Summary: | 碩士 === 國立臺灣大學 === 應用力學研究所 === 107 === High Entropy Alloys (HEA) is a novel metallic material that has drawn increasing attentions from both academia and industries in recent years. In contrast to conventional alloys comprising of at most one or two principal elements, HEA system consists of more than four constituent elements with concentrations ranging between 5% and 35%. The entropic mixing effect arising from high configuration entropy ensures the HEAs to remain the simple solid solution phase with FCC, BCC or HCP crystal structures without phase segregations. The lattice distortion effect from atomic size differences makes HEA has unique thermal, electric, and mechanical properties such as low thermal/electric conductivities. Lattice distortion also slows down defect diffusion, brings obstacles to dislocation glides and prevents oxidation at elevated temperatures. Finally, the cocktail effect, namely, mixing atoms of distinct properties together, allows tuning material properties of HEAs with almost infinite degrees of freedom. These aforementioned features make HEAs emerge as the rising star as the future structural and electric materials. In this thesis, we attempted to investigate the material properties of Fe-Co-Ni-Cr HEA by using machine-learning-enabled atomistic simulations.

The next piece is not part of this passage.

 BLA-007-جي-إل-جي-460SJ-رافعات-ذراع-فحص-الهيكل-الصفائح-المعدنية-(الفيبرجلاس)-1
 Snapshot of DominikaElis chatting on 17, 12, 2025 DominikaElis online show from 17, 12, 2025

In atomistic simulations, the first principle calculations provide the most accurate system energies and atomic forces. However, the first principle calculations are computationally expensive, thereby preventing performing exhaustive sampling of configurations of HEAs. Classical molecular dynamics simulations (MD) allow efficient exploration of atomistic configurational space; however, the accuracy of MD calculations critically relies on the empirical force fields (or, potentials). In this thesis, by harnessing the power of machine learning, we employed the neural network potential model (NN) to predict the potential energy of HEA. The random arrangement of atoms makes training very challenging.

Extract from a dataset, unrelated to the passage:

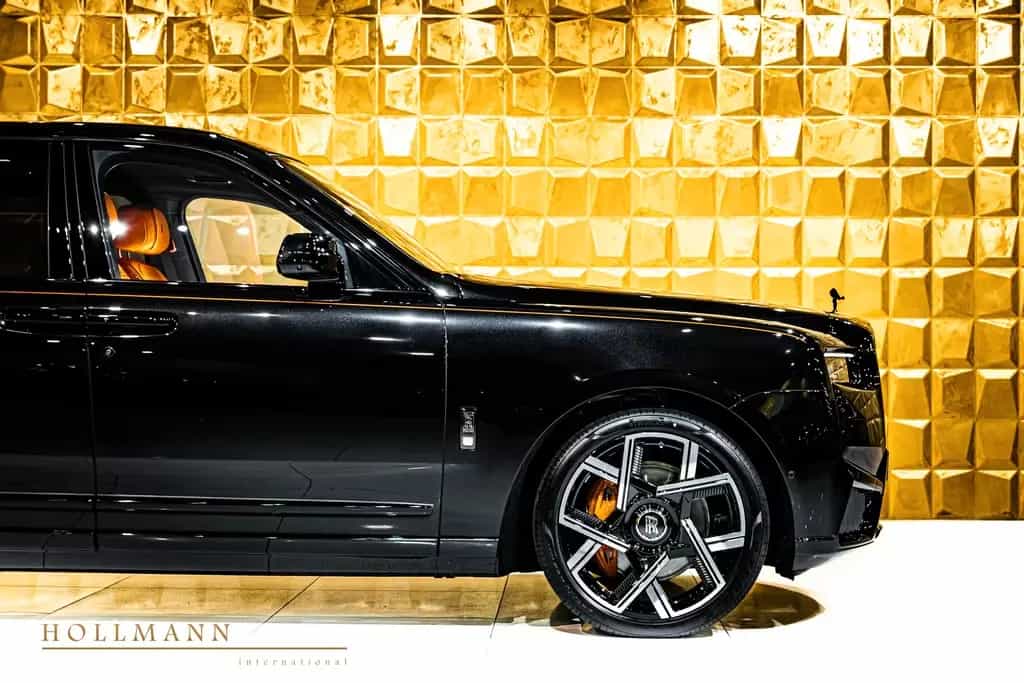 Rolls-Royce Cullinan SERIES II +BLACK BADGE+ SANCTUARY SEAT null-photo-7
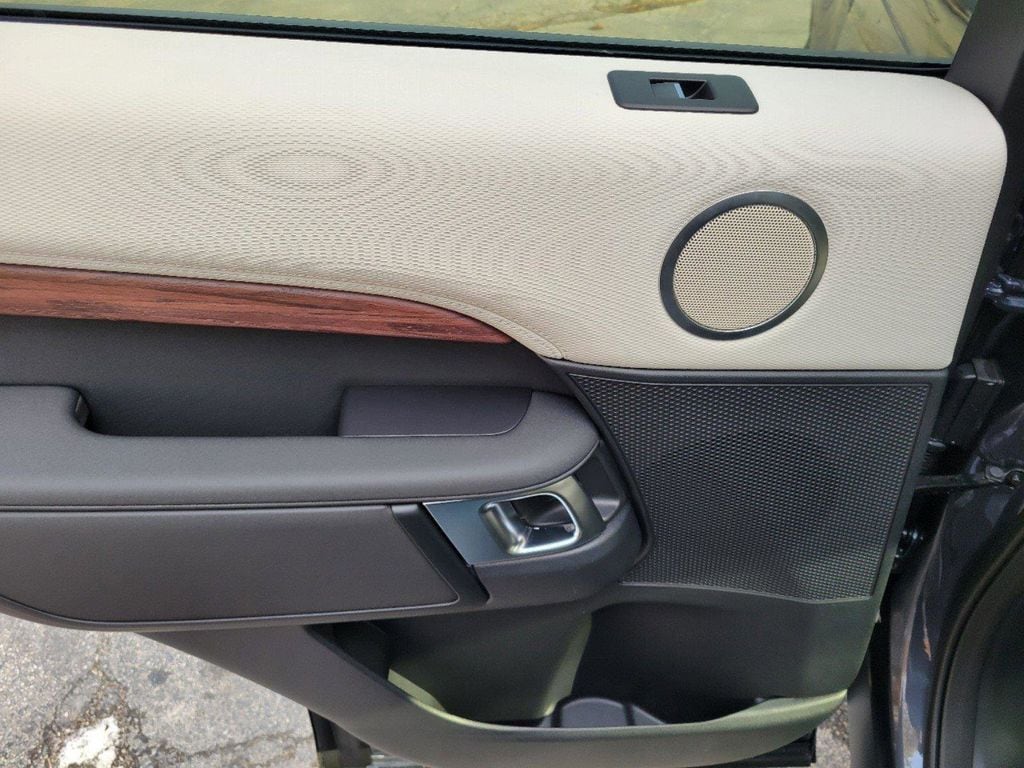 2025 Land Rover Discovery Dynamic SE - Photo 7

In this thesis, by computing the material properties of CoCrFeNi HEA with the trained NN potential, we demonstrated that the NN potential energy predictor can successfully reproduce results from first principle calculations with errors around 1-5%. Nonetheless, the accuracy of NN energy predictors critically rely on the selection training sets. The NN potential model offers a hundreds of thousand times computational speedup than first principle calculations while retaining the computational accuracies, thereby allowing atomistic Monte Carlo method and molecular dynamics simulations to explore the configurations and chemical short-range orders of high entropy alloys.